» **What is expected**
Pictures in the records below must be left out. Return exactly the lines from the line with "Collection of hand" to the line with "Katzenschmuck auf Baummuster", both included.

» **Task inputs**

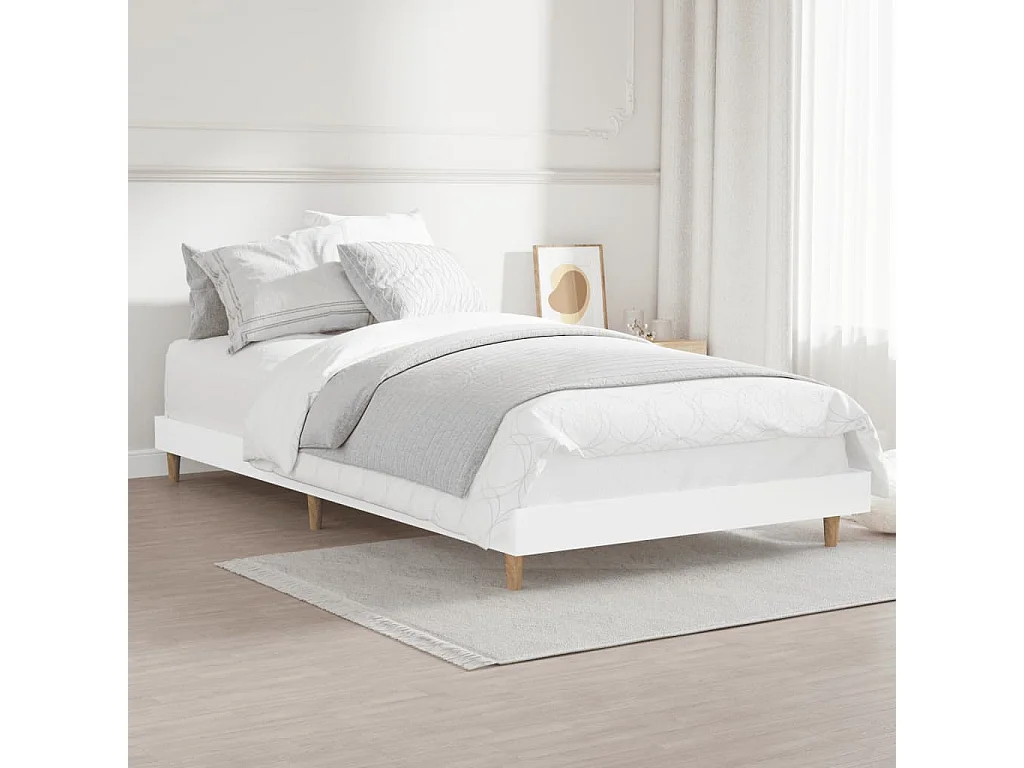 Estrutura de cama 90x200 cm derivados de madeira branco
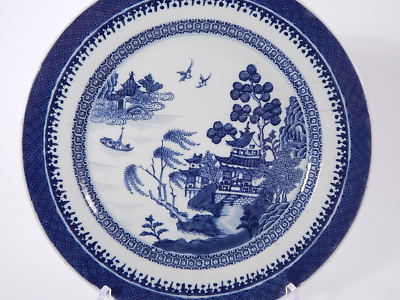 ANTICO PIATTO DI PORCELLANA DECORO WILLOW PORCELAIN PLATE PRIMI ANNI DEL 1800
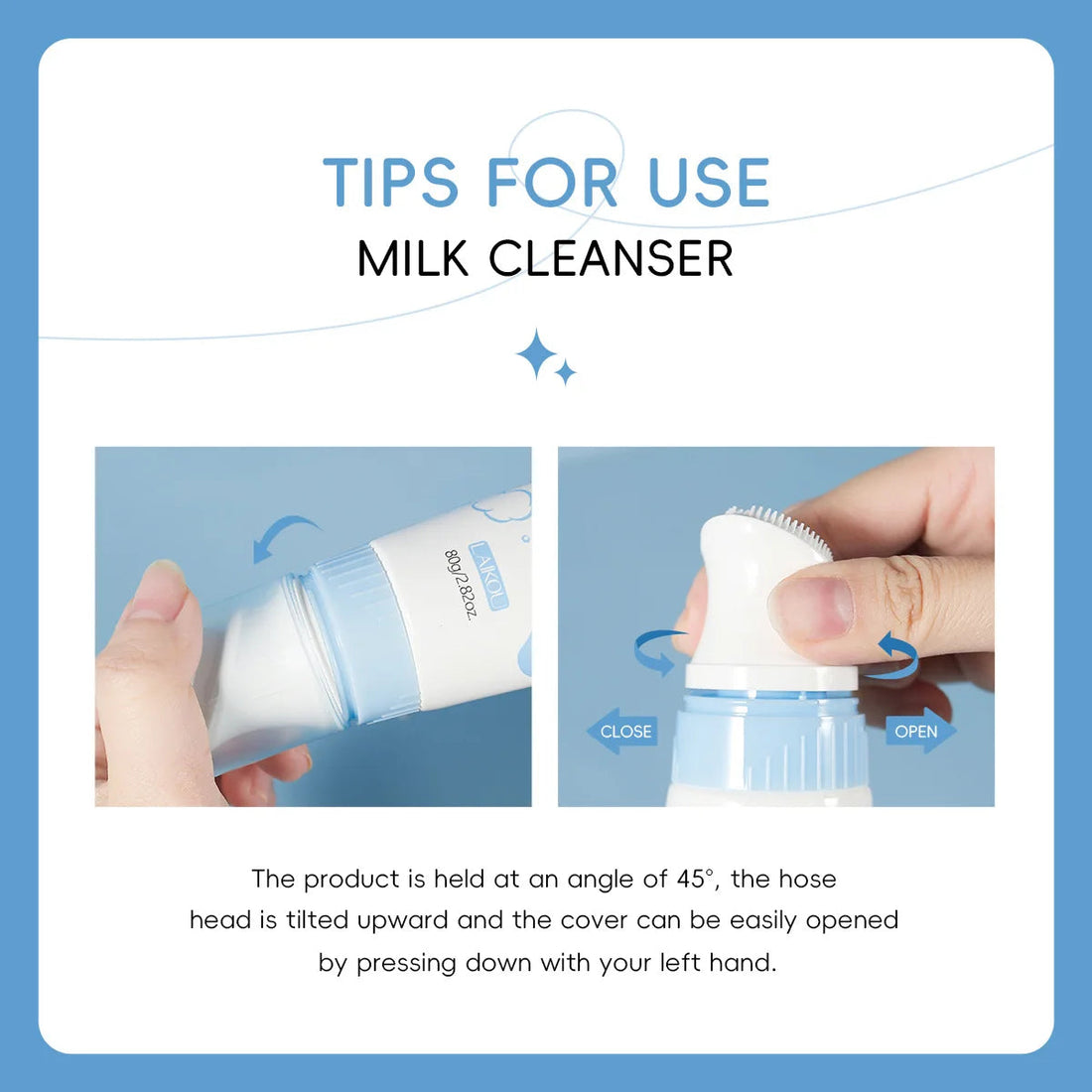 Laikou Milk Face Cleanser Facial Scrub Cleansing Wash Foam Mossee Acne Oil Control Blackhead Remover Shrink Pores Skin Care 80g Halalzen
--
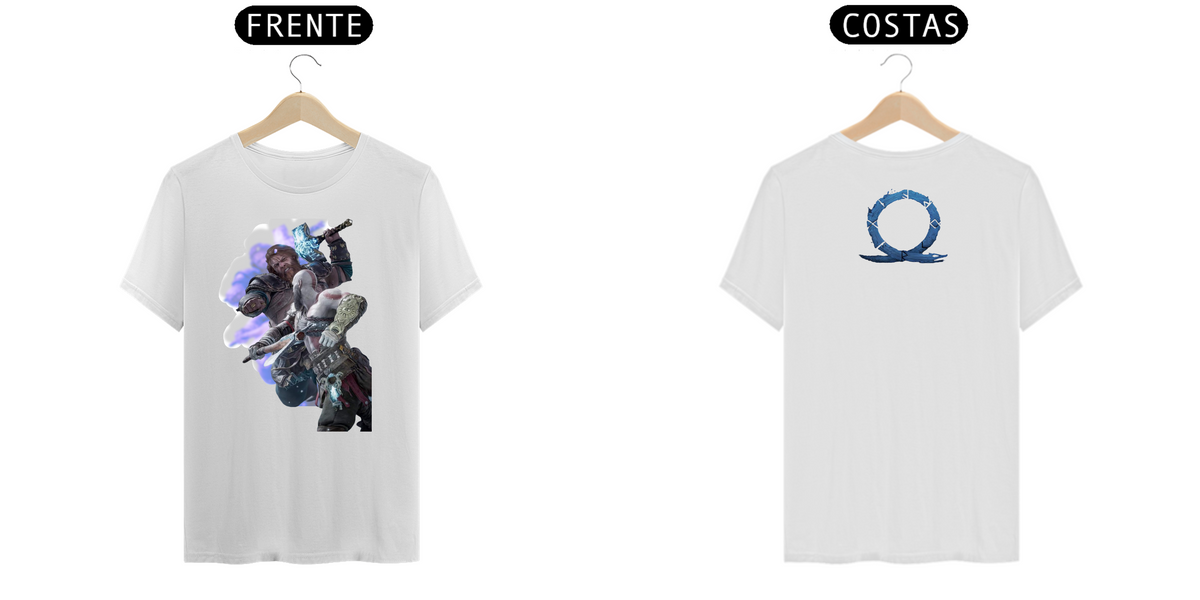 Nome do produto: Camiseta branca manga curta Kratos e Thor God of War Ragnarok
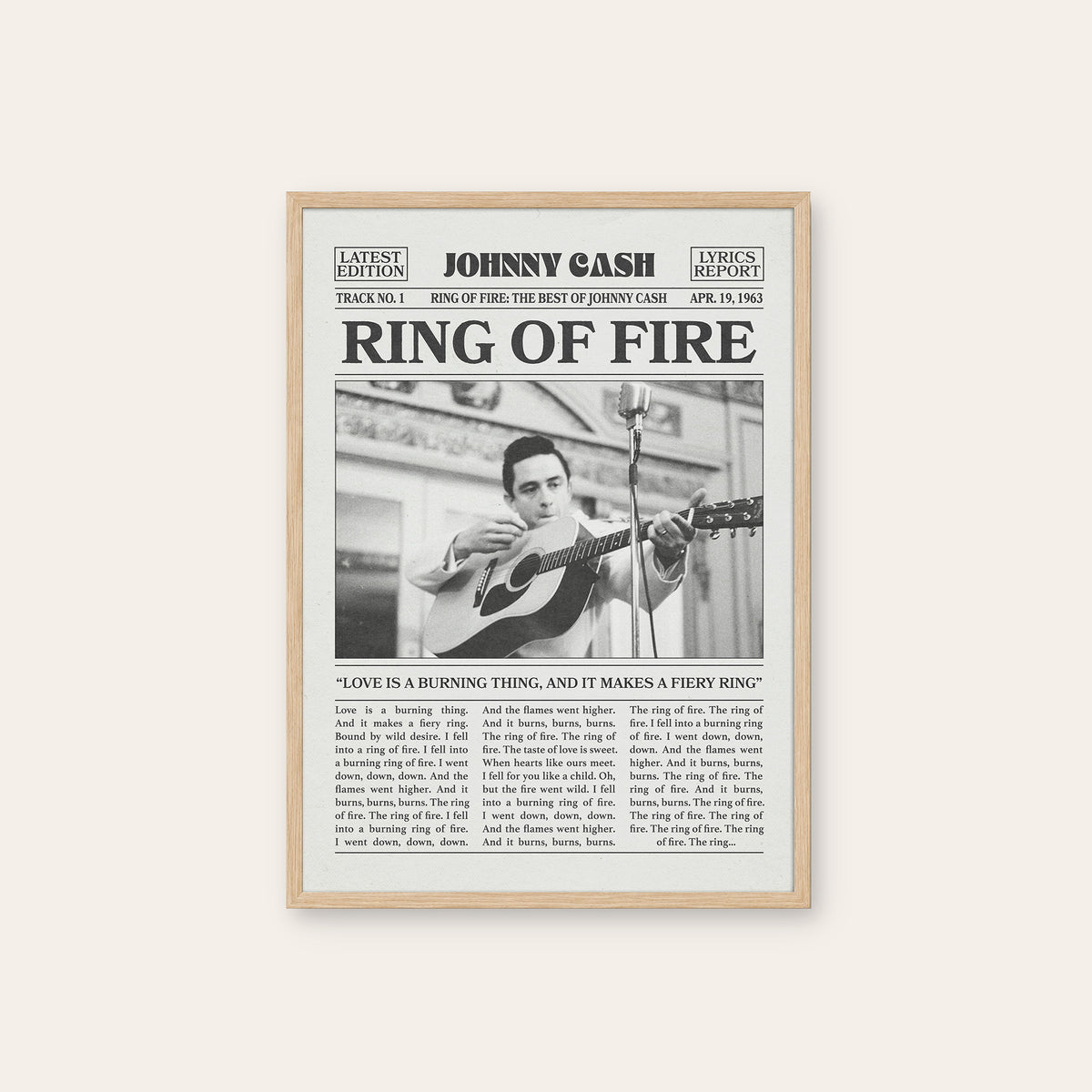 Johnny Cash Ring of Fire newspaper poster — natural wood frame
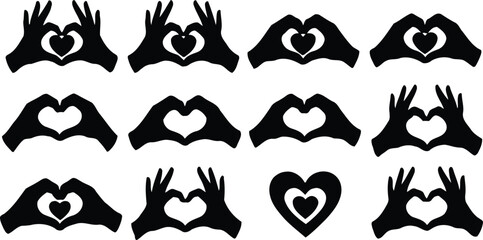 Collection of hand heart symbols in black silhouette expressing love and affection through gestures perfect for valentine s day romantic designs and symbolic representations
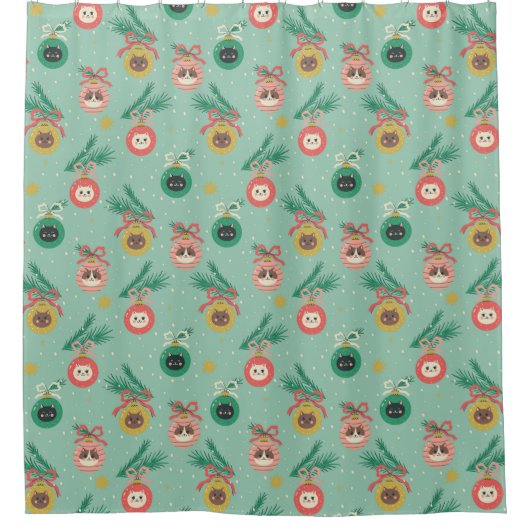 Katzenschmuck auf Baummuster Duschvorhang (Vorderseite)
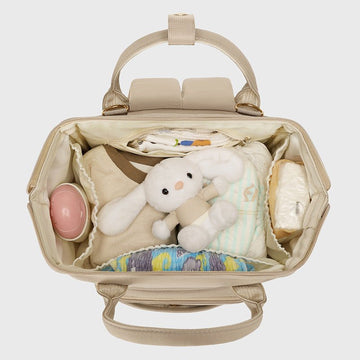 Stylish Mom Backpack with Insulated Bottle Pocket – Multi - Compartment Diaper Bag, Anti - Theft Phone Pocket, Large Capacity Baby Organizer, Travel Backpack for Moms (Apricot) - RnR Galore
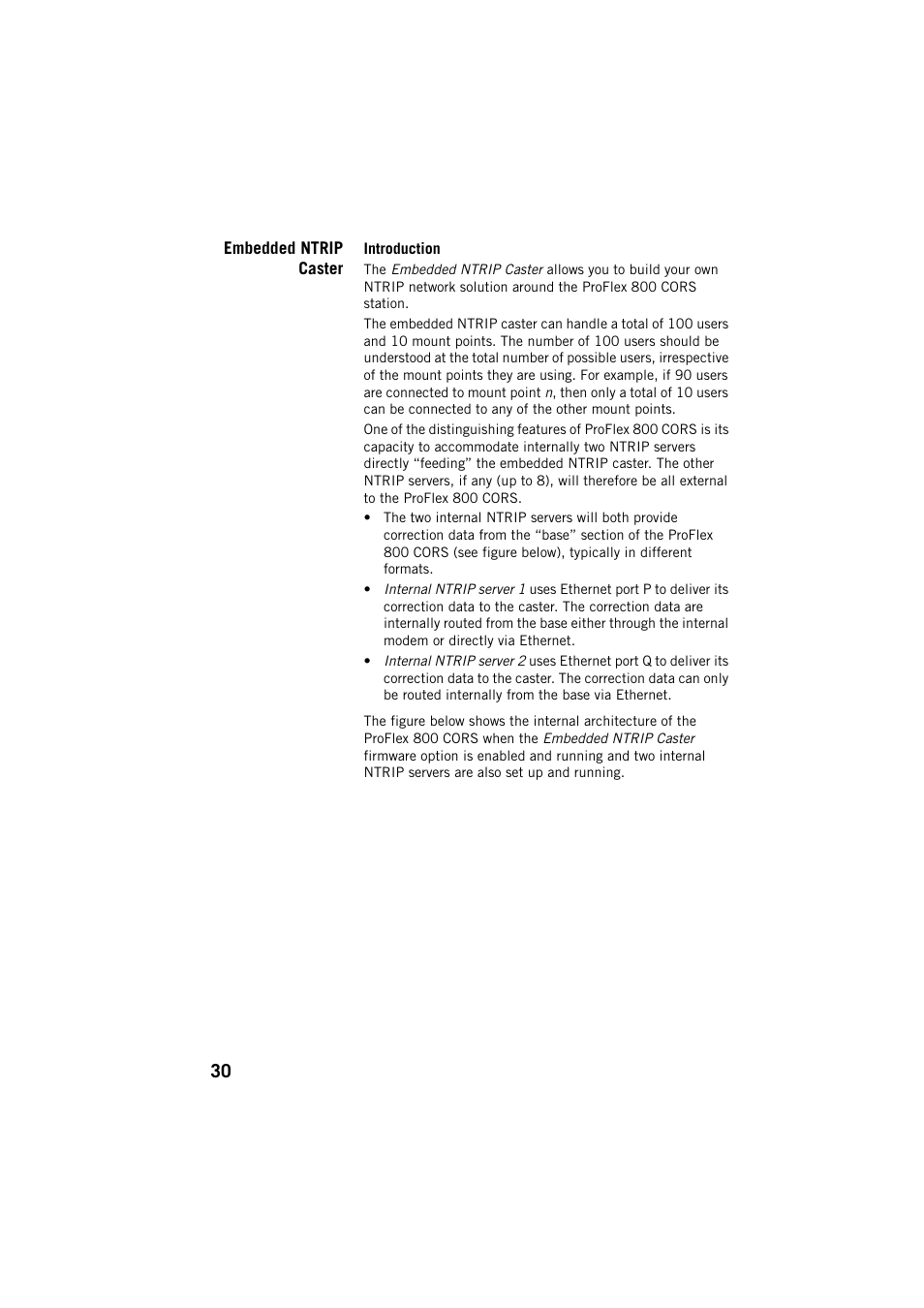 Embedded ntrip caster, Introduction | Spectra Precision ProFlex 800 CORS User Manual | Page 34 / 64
...
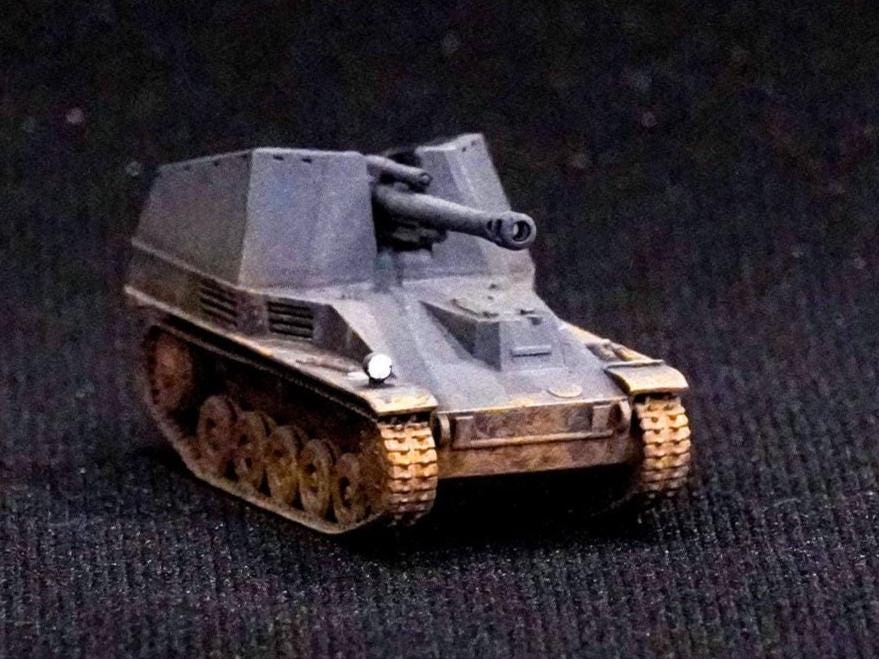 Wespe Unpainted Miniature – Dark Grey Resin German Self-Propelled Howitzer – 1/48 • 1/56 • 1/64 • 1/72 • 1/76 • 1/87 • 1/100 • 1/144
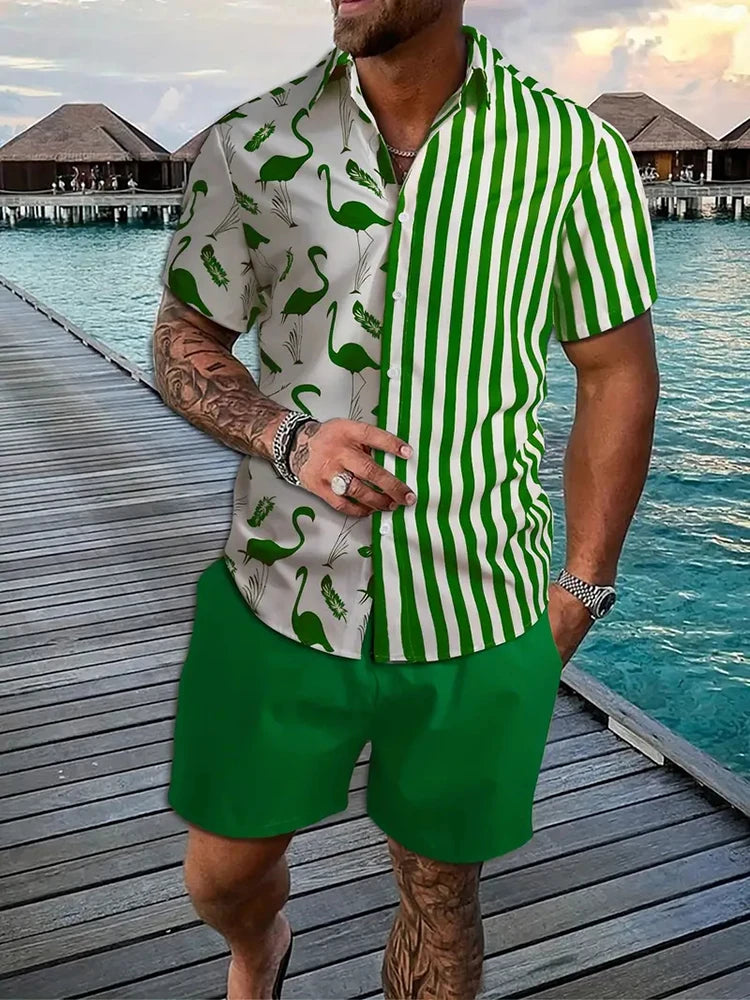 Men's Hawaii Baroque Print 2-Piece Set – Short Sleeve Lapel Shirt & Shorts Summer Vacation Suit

» **Written answer**
 Collection of hand heart symbols in black silhouette expressing love and affection through gestures perfect for valentine s day romantic designs and symbolic representations
 Katzenschmuck auf Baummuster Duschvorhang (Vorderseite)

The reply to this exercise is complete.